Похоже, он говорил это вполне искренне. Доказательство? В постскриптуме письма — и это решительно шло в разрез с его привычками — он просит Надара принять от него небольшой дар: «На днях вам доставят небольшой набросок пастелью, который я поместил под стекло. Это всего лишь один из давних набросков, который я отправляю вам в качестве скромного сувенира…»
На всех фотографиях, сделанных Надаром, Моне и в самом деле выглядит прекрасно — пышущий здоровьем, с живым блеском чуть лукавых глаз и подернутой сединой густой бородой, каскадом спадающей на крепкую грудь.
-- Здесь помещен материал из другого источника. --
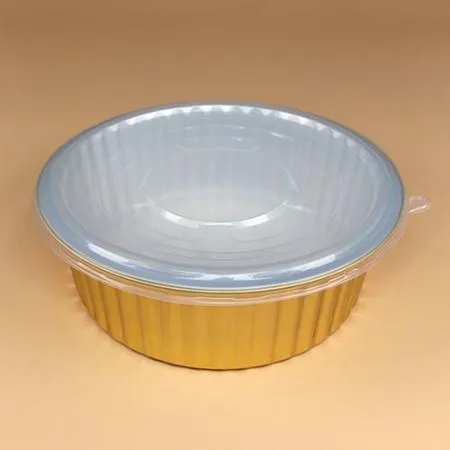 알루미늄용기 세트(원형골드/반투명뚜껑/3,000ml) 이미지
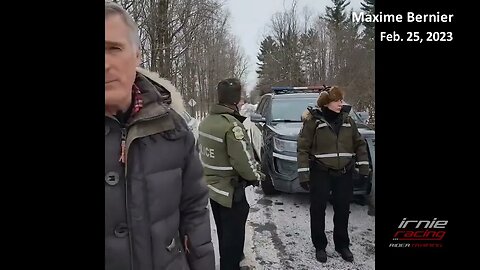 Maxime Bernier not allowed on Roxham Rd by Police "Citizen" Blockade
А вот о снимках Алисы нигде не упоминается. Увы, госпожа Моне заметно состарилась, и состарилась преждевременно. Она теперь не снимала траурного наряда, ее роскошные волосы сделались совершенно седыми, глубокая морщина, заставлявшая приподниматься правый уголок верхней губы, прорезала лицо чуть ли не до самой надбровной дуги, и эту гримасу уже никто не принял бы за улыбку. Во взгляде ее черных потухших глаз ясно читается, что способность улыбаться она утратила навсегда. Бедный Моне!